Membership, training courses, advocacy, and student engagement – all to the benefit of the designer – are at the heart of Michigan IIDA’s core values. The older version of the chapter website missed the mark and did not enhance its business value.
Many interior designers focus heavily on their project galleries and significant artistic developments. The Michigan IIDA, however, is a resource and advocacy center for designers, rather than a design showcase.
Part of Valorous Circle’s expert web design plan was to reinvigorate the Michigan chapter’s core commitment to the advancement of interior design ‘through education, legislation, leadership, design excellence, accreditation, and community outreach.’
Notice the Michigan IIDA’s crisp and clean lines.
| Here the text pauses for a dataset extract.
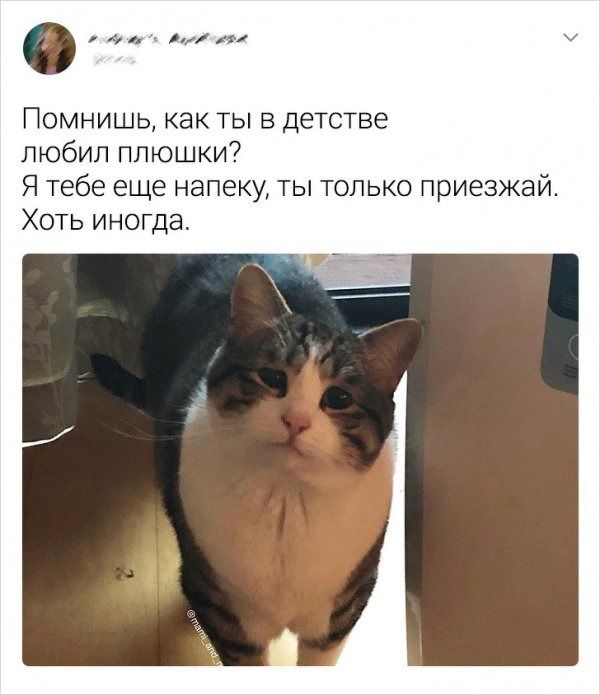 Мемы с прошлого года, которые будут смешить и в 2020-ом - 464712 Мемы с прошлого года, которые будут смешить и в 2020-ом - фото 464712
The layout out is structured, easy to navigate, and active. With scrolls informing you of projects, patrons, and projects, the site is nothing short of an ever-evolving community bulletin board.
The former site relegated an overwhelming majority of the IIDA’s membership elements to the overhead menu and their subsequent links. Instead of a clear menu list and connections layout, viewers only ever saw a giant header image with bright, neon text.
In other words, all design isn’t the same. Web design wasn’t a strong suit of the commercial interior design advocate. Nor should it be. We all have our strengths we must play.
The Michigan IIDA chose to be loud, brash, and attention-grabbing. What happens if a viewer didn’t like the design, or misunderstood what the IIDA resolves to accomplish? While all are potentially great characteristics for an individual designer, they are less important for their advocates. Classes, networking events, and social feeds all appeared in muted tone below the fold.
Instead of one astoundingly large picture and covered in neon lettering, each gallery exists as on a carousel highlighting the designers’ artistic work and functionality in a business setting.
The Michigan IIDA’s worth was not in its ability to portray the unique and eye-popping design. Its job is, and will forever be, to bridge the gap between the profession and the professional designer. And now it does.